Geocaching1 is all about finding things. Sometimes they are hard to find because they've been hidden cleverly whilst at other times one has to solve a puzzle before starting to look. I'm a big fan of both sorts of caches, but sometimes there's a third problem which I find less enjoyable to tackle: the geocache description might be in a language I don't understand.

Resolution

Groundspeak offer a Pocket Query service to premium subscribers which lets them specify a search e.g. caches near the centre of Prague. A list of caches meeting these criteria is then encoded in GPX (a XML application). This file can be viewed with e.g. Google Earth, and a caching extravaganza planned.
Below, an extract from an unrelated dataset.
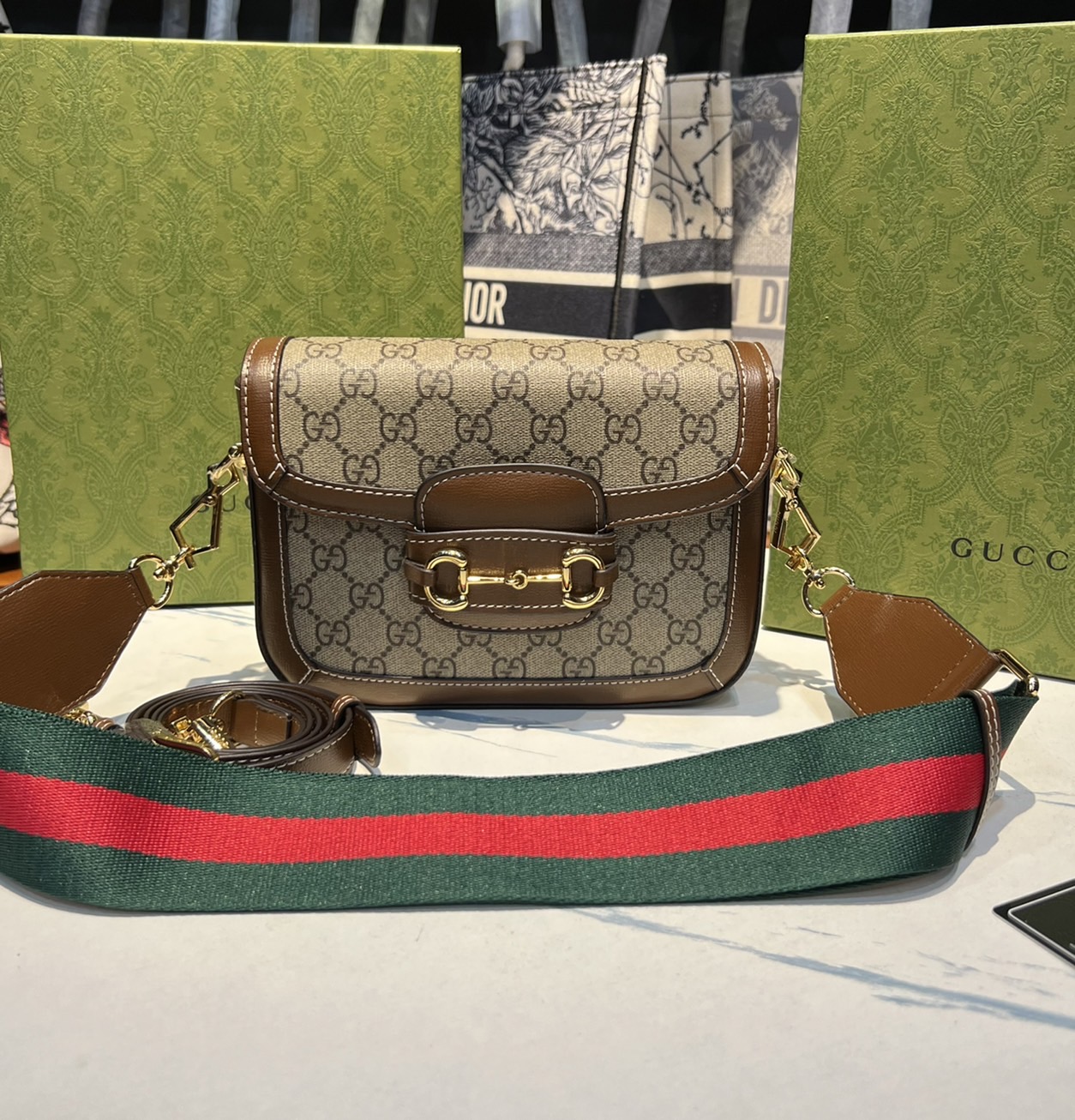 หนังแท้ GUCCI Horsebit 1955 mini bag GG Supreme canvas ที่สุดของรุ่นที่ฮอตหนักมาก คอลเลคชั่นที่ยอดขายดีตั้งแต่วันแรกที่ลง shop ด้วยรูปทรงที่กะทัดรัด ตอบโจทย์ได้ทุกลุค ทุกไลฟ์สไตล์ ใช้งานได้ง่ายคล่องตัว เรียกได้ว่าใครไม่มีได้ยังไง สวยขนาดนี้!!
However it's a bit tricky to plan the trip if many of the caches are unintelligible to me. It would be much more convenient if I could process the GPX file automatically, selecting only those caches which have a reasonable amount of English in their description.

Happily, and not entirely coincidentally, I recently wrote about a toy language model2 which is fine for solving this sort of problem.

Software

You can download some Perl3 which does all this, at least if the only languages in play are English, French, German, Spanish, Italian, and Czech.

For example, here's a demo:

$ wget http://www.mjoldfield.com/atelier/2010/06/glf/gc-lang-filter_0.1.tar.gz
$ tar xzvf gc-lang-filter_0.1.tar.gz
$ cd gc-lang-filter-0.1
$ ./gc-lang-filter Prague.gpx
$ # only on Mac OS
$ open -a 'Google Earth' Prague-en.gpx

Results

Starting from 1,000 caches in Prague and selecting those with more than a quarter of the description in English produced a list of 261—changing the threshold changes this a bit but not too much.

All 261 caches seem to be worth investigating, though of course whether I actually find any remains to be seen!